Film in the 1890s was shown to the public in Kinetoscope parlors, which were kind of like the ancestors of video arcades. They were first opened in 1894 and through the peepholes you could watch short films, the most popular of which showcased dancing, juggling, clowning, natural wonders from around the world and staged historical events.

Edison and Dickson built a small room specifically for making these films adjacent to Edison’s laboratory. The studio was covered in black tar paper on the outside to prevent unwanted light from creeping in. When they wanted to adjust the light, they would open the roof manually. The studio was so dark that it was nicknamed the Black Maria, which was slang for “paddy wagon.” The Black Maria was the first film studio in movie history.

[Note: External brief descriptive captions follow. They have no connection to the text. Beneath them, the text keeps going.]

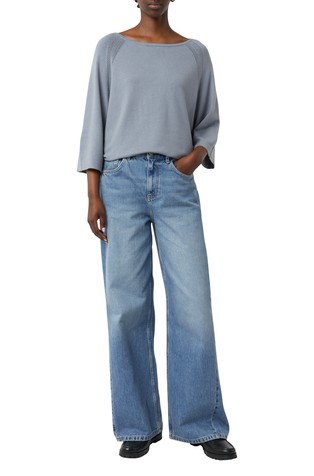 Oversized sweater in fine knit with lace details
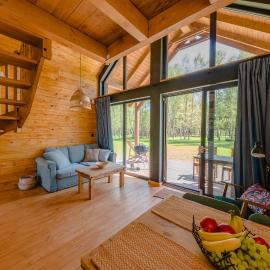 Kaszuby - Komfortowe domki nad jeziorem, hotel en Barkocin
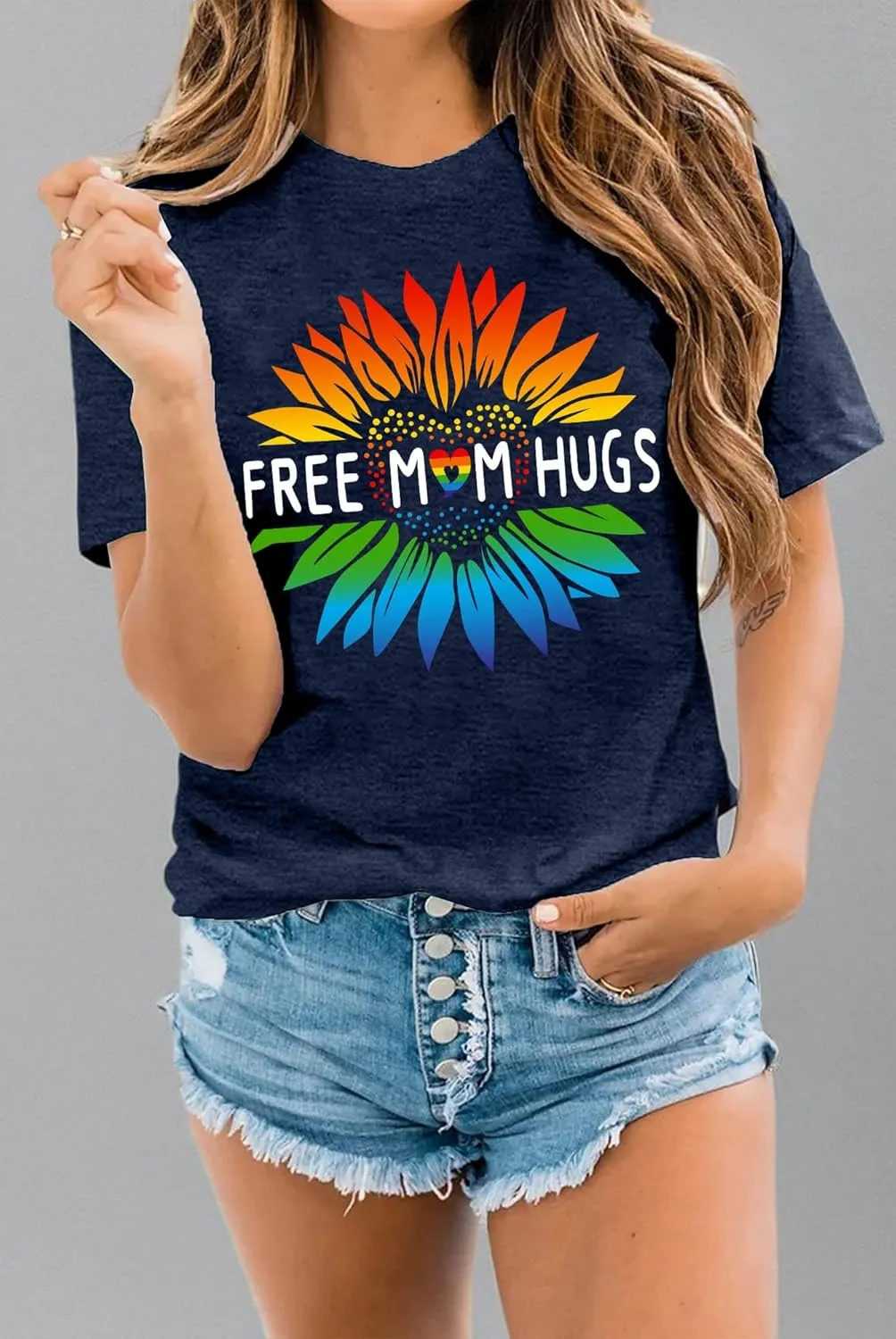 hohololo Pride Shirts Women Rainbows Graphic Tees Shirts Free Mom Hugs T-Shirt LGBTQ Short Sleeve Tops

Edison wanted his films to be viewed through a peephole because he was worried about the poor-looking quality of film when it was projected onto a screen, but when he finally embraced projection, he had nothing to do with the creation of the upgraded version of his Kinetoscope, but he did buy and sell it as his own invention in 1896.

It was called the Vitascope. It was invented by Thomas Armat and was a projecting version of Dickson’s Kinetoscope.

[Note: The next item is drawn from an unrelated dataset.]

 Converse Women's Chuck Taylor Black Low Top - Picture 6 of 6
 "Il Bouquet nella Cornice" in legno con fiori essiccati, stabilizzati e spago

The first Edison projection for a paying audience was on April 23, 1896 at Koster & Bial’s Music Hall on 34th Street and Broadway in New York City, later the site of Macy’s.

Other film milestones that Edison was involved in, although not directly responsible for, include the first film to use special effects, The Execution of Mary, Queen of Scots (1895), directed for the peephole by Alfred Clark (the man who replaced Dickson after he left due to tension and dissatisfaction working for Edison). Before the queen gets her head cut off on the chopping block, the actor was replaced by a dummy in an invisible camera cut.

Edison’s The Kiss (1896) was the first time a man and a woman kissed each other on the lips on film, which was kind of like the equivalent of a sex scene in today’s Hollywood: slightly scandalous and slightly embarrassing to watch in a room full of strangers. The first wave of moralism towards movies, which would later turn into the Hays Code, had come into being. It was the first time Catholics would call for movie censorship. Just to put it in some perspective, kissing in public could lead to prosecution in those days, so it wasn’t exactly surprising that the church was so against it being depicted on the big screen.

When Dickson left Edison after inventing the Kinetoscope, he became the “D” in K.M.C.D. Syndicate and began inventing for them. K.M.C.D.’s first project was the Mutoscope, a peephole machine that was more effective and more popular than the Kinetoscope. The Mutoscope offered larger pictures and a more user-friendly hand crank. They have been in use for decades.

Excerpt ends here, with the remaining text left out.